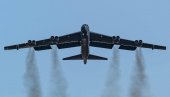 AMERIČKI  B-52 POSLAO SIGNAL IRANU: USS Hari S. Truman se takođe vratio na Crveno more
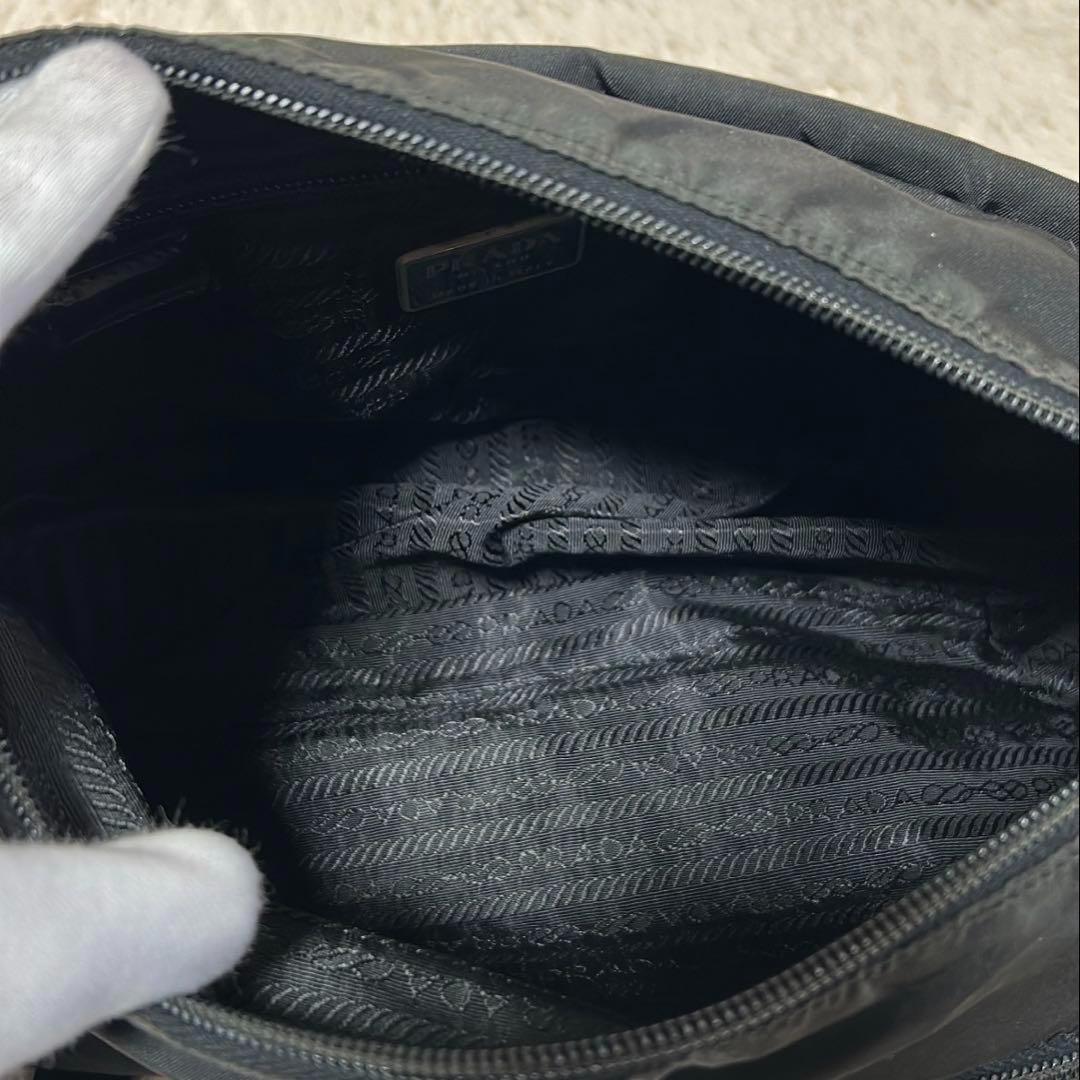 ✨️美品✨️ プラダ ショルダーバッグ メッセンジャー ナイロン 黒 白タグ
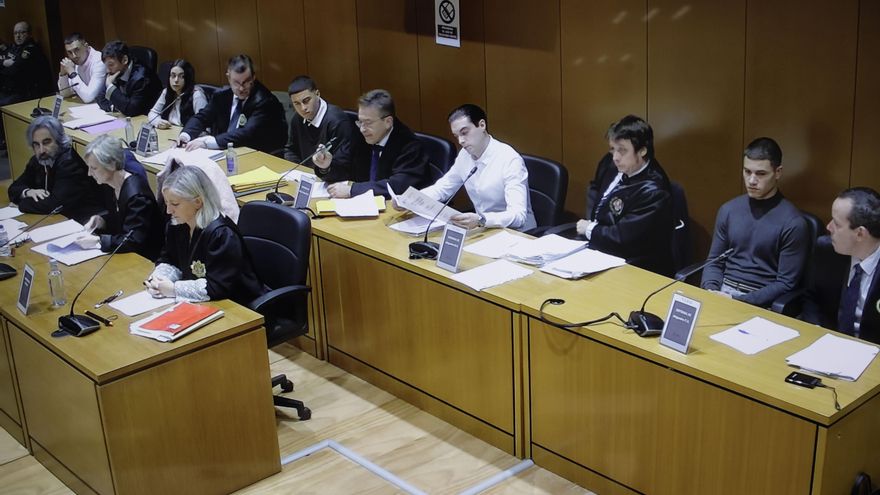 Las defensas de los acusados de matar a Samuel niegan la existencia de una manada que lo persiguió por motivos homófobos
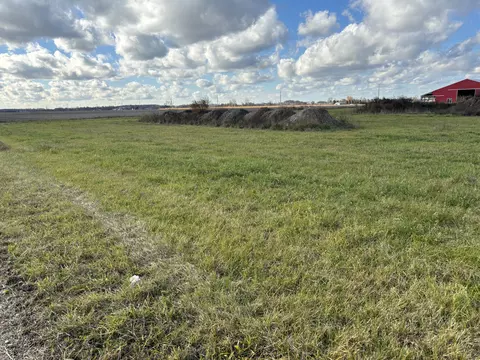 108 Th Ave, Zeeland, MI 49464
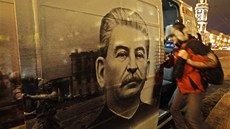 Minibus s portrétem Josifa Vissarionoviče Stalina.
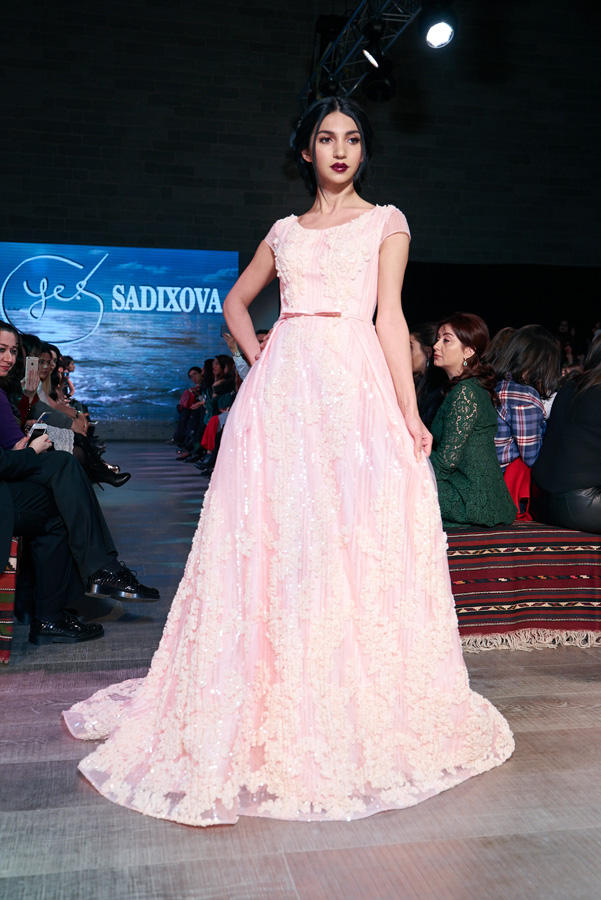 Azerbaijan Fashion Week: Фантазии дизайнеров России, Казахстана, Грузии и Азербайджана (ФОТО)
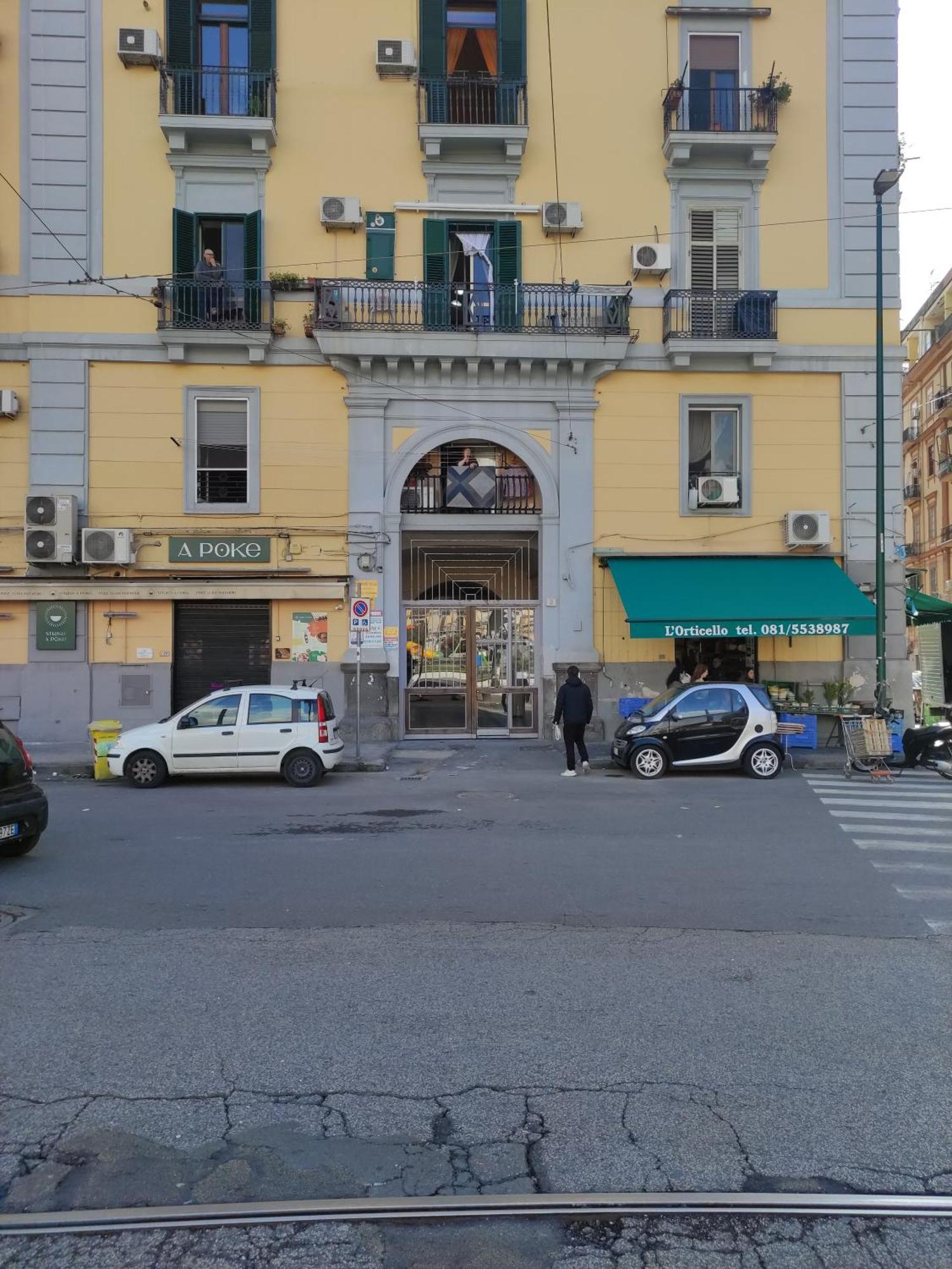 Na' Stanza In Piazza * Nápoles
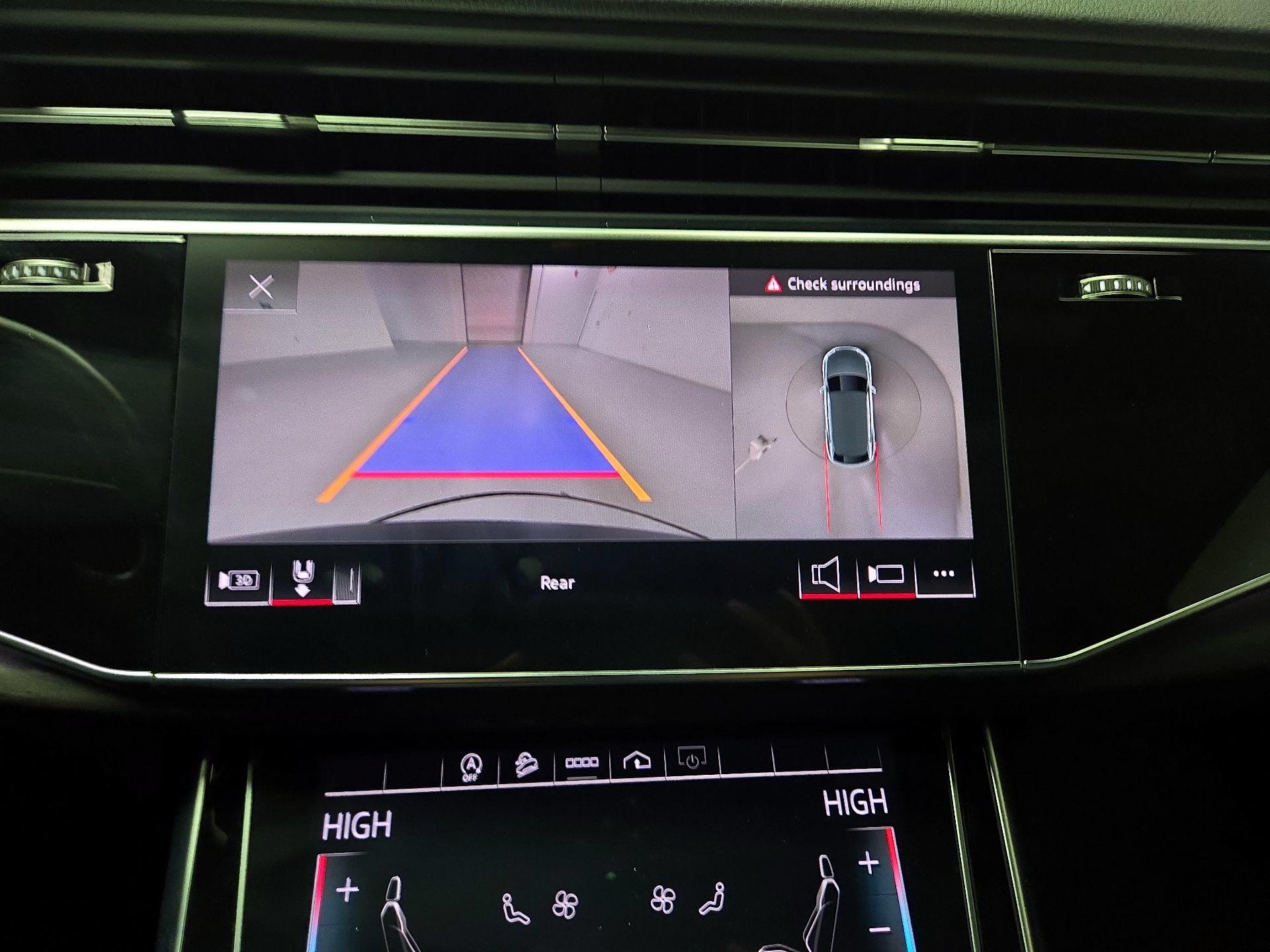 Thumbnail: 2021 Audi Q8 - 15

(Task goal):
What is needed is an exact repetition of every entry, without the pictures.

(Result):
 AMERIČKI  B-52 POSLAO SIGNAL IRANU: USS Hari S. Truman se takođe vratio na Crveno more
 ✨️美品✨️ プラダ ショルダーバッグ メッセンジャー ナイロン 黒 白タグ
 Las defensas de los acusados de matar a Samuel niegan la existencia de una manada que lo persiguió por motivos homófobos
 108 Th Ave, Zeeland, MI 49464
 Minibus s portrétem Josifa Vissarionoviče Stalina.
 Azerbaijan Fashion Week: Фантазии дизайнеров России, Казахстана, Грузии и Азербайджана (ФОТО)
 Na' Stanza In Piazza * Nápoles
 Thumbnail: 2021 Audi Q8 - 15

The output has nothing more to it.